As far as the analysis of the collected samples are concerned, the samples collected from the surface 22 through the collection tube 23 are conducted to the mass spectrometer 32 and are analyzed thereat in a manner known in the art. If desired, a second control computer 34 (introduced earlier and shown in FIG. 1), having a display screen 38 and a keyboard 39, can be connected to the mass spectrometer 32 for controlling its operations. In other words, the keyboard 39 can be used for entering commands into the computer 34 and thereby controlling the operation and data collection of the mass spectrometer 32.

It is common that during a sample-collecting operation performed with the system 20, the surface 22 is moved relative to the capillary tube 23 within the X-Y plane so that the tip 26 of the capillary tube 23 samples the surface 22 as the surface 22 sweeps beneath the probe 24. For this purpose and by way of example, the computer 30 can be pre-programmed to either index the surface 22 within the X-Y plane so that alternative locations, or spots, can be positioned in sample-collecting registry with the capillary tube tip 26 for obtaining samples at the alternative locations or to move the surface 22 along an X or Y coordinate axis so that the surface 22 is sampled with the capillary tube 23 along a selected lane (such as the paths 18 of FIG. 3) across the surface 22.

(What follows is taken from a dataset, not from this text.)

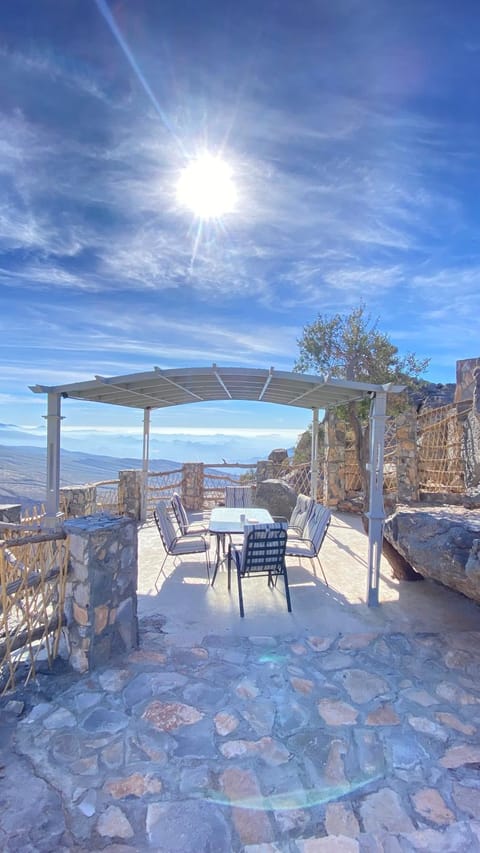 Patio, Day, Balcony/Terrace, Living room, Mountain view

With reference to FIGS. 6a and 6b, there is schematically illustrated the positional relationship between the surface 22 and the capillary tube tip 26 as the surface 22 is passed beneath the capillary tube tip 26 during a sample-collection operation and the movement of the capillary tube tip 26 during a re-optimization of the capillary tube-to-surface position. (Within both FIGS. 6a and 6b, the surface 22 is depicted at an exaggerated angle with respect to the longitudinal axis of the capillary tube 23 for illustrative purposes.) More specifically and within FIG. 6a, the surface 22 and the capillary tube 23 are moved relative to one another during a sample-collection process so that samples are collected from a lane of the surface 22 in the negative (−) X-coordinate direction indicated by the arrow 62, and within FIG. 6b, the surface 22 and the capillary tube 23 are moved relative to one another during a sample-collection process so that samples are collected from a lane of the surface 22 in the positive (+) X-coordinate direction indicated by the arrow 63.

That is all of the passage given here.